Ross noted that HMS produced four first-place, four second-place, and one third-place winners in PGCPS’s 40th annual Write-A-Book contest. Murray noted that the creative writing program held a Poetry Cafe night and created a literary magazine this school year.
And it seems that there has already been some crossover work between the creative writing program and performance-based arts. Murray described how theatre students performed skits that were written by creative writing students. Additionally, HMS student Alexa Figueroa won Best Middle School Documentary in this year’s PGCPS Film Festival for her documentary #savecreativewriting on the threat of losing the creative writing program at HMS.

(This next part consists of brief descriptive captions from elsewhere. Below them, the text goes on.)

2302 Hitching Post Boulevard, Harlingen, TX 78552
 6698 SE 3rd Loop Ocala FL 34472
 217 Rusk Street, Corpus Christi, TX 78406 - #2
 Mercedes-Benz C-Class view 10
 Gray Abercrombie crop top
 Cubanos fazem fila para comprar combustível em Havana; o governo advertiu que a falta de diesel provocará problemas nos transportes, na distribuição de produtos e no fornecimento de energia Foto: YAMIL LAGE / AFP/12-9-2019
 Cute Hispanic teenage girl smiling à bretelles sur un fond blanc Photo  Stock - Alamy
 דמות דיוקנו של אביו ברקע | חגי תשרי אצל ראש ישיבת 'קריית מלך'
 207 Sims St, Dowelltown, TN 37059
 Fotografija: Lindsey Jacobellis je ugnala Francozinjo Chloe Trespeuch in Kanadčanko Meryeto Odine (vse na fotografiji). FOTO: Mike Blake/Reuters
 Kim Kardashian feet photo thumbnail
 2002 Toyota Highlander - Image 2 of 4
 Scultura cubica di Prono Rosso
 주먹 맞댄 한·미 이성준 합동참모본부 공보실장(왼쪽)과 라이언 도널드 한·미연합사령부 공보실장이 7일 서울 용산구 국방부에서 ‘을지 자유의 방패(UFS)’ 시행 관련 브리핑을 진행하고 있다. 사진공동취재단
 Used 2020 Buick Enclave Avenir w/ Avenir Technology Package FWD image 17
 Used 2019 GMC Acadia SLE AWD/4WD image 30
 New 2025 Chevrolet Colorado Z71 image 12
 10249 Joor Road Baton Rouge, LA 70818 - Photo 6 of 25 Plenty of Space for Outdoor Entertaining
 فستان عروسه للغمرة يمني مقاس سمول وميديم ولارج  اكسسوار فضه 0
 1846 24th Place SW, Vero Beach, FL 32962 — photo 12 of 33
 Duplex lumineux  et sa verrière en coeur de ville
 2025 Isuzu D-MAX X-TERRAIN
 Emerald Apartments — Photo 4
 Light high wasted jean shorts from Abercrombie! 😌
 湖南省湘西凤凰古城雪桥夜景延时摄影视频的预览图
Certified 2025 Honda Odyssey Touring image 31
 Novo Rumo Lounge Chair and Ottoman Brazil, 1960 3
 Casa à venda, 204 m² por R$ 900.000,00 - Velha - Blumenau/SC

Collins said, “Through the campaign I have learned that if you make enough noise, people will listen. I think I’ve also learned that things won’t change unless we speak out against what we find unfair.”
Blocker agreed, saying that if parents, students, or the community sees something unfair or unjust, “the school system is not perfect … If you advocate and speak up, the school system will have to listen to you.” Blocker expressed his hope that if another course needs to be aligned with, or eliminated because of, MSDE standards, the school system would be transparent and proactive, contacting the school community first.
During the March 21 BOE meeting, BOE member, Raaheela Ahmed (District 5) said, “I wanted to thank the HMS community and Mr. [Juwan] Blocker for their efforts and diligence in fighting for this program.” She continued,“ I’m really proud of the grassroots activism that y’all took to preserve the program, and I don’t know if we would’ve got this result without it. So kudos to you Mr. Blocker and kudos to you the HMS community as well for their diligence in standing up for what they want.”